61
Bacterial Diseases
Skin infection with bacteria may be a primary problem (e.g. impetigo) or a complication of another skin disease (e.g. atopic dermatitis). Nomenclature of these diseases often reflects the site and the depth of infection – that is, from the stratum corneum to the subcutaneous tissue (Fig. 61.1) – as well as the suspected causative organism.

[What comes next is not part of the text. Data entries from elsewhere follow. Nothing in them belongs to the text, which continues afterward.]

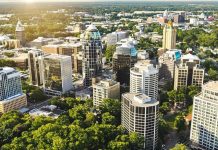 Charlotte NC skyline with modern buildings and greenery.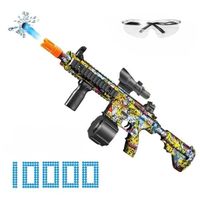 Bombe à Eau Pistolet électrique avec 10000 perles d'eau et verres jeux de plein air(Jaune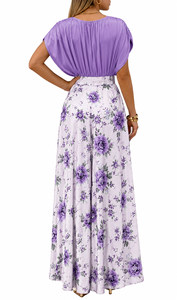 Vestido Largo de Gasa con Estampado Floral, Cuello en V, Sin Mangas, Corte en A, Cintura Natural, Vestido Formal de Verano para Mujer - Product Image 3
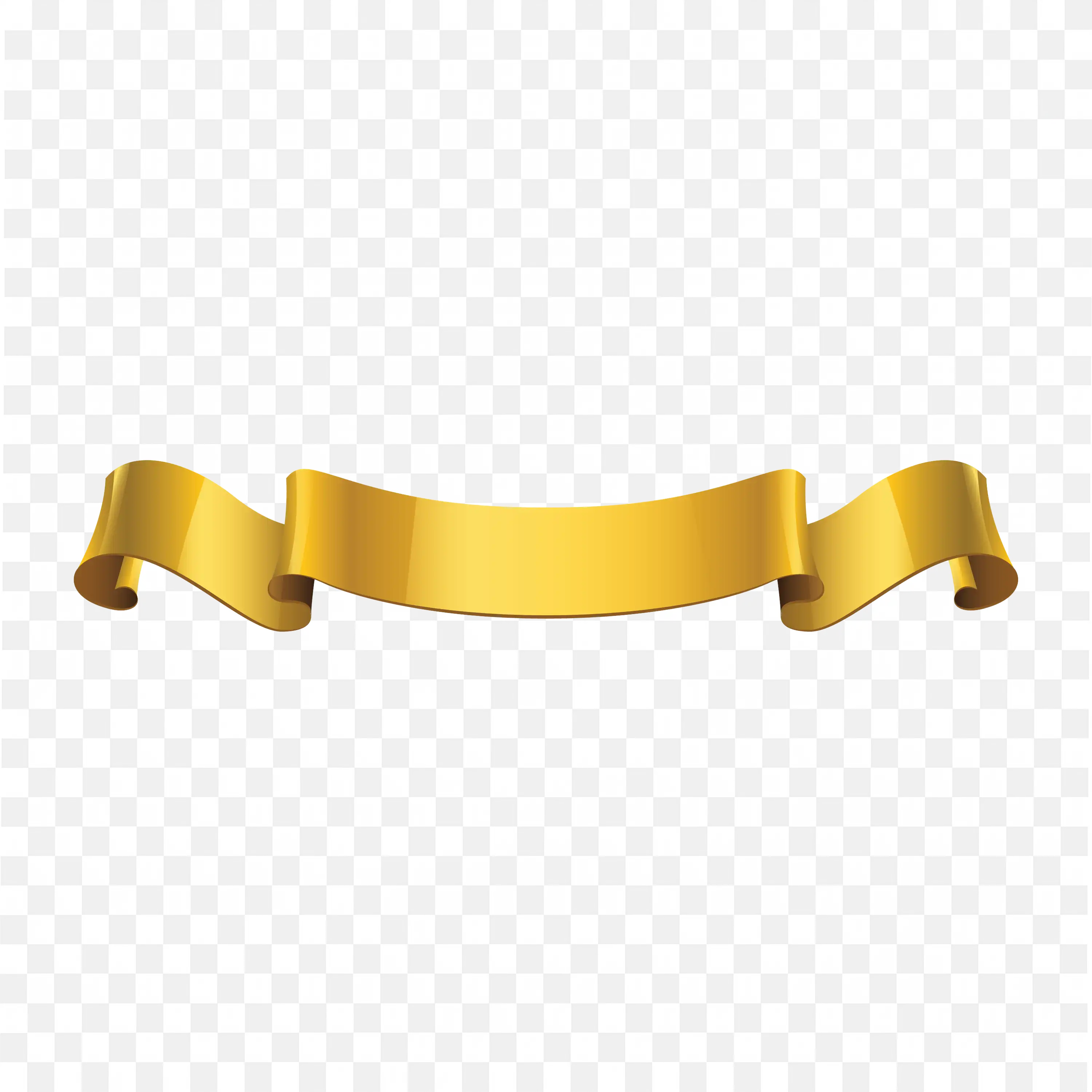 Curved Gold Ribbon Scroll with Tapered Ends PNG Download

Fig. 61.1 Categorization of bacterial infections by depth and extent of skin involvement. More common, localized infections are depicted first; these infections are often secondary to Staphylococcus aureus or group A streptococci. Adapted from ‘Common bacterial infections of the skin,’ American Academy of Dermatology.
Gram-Positive Cocci
Staphylococcal and Streptococcal Skin Infections
Streptococcal infections may be complicated by acute post-streptococcal glomerulonephritis; this occurs in <1% of patients in high-income countries, but it remains a significant problem in low-income countries.
Impetigo
• Major organisms are Staphylococcus aureus and Streptococcus pyogenes (group A streptococci [GAS]).
• A very common, highly contagious bacterial infection, most commonly seen on the face or extremities of children; usually the skin is eroded with overlying ‘honey-colored’ crusts, but there is a bullous variant (Fig. 61.2).
Fig. 61.2 Staphylococcal impetigo. A Honey-colored crusts on the chin and cheeks of a child with impetigo. B Superficial bullae and dry erosion on the nose due to bullous impetigo. A, Courtesy, Julie V. Schaffer, MD.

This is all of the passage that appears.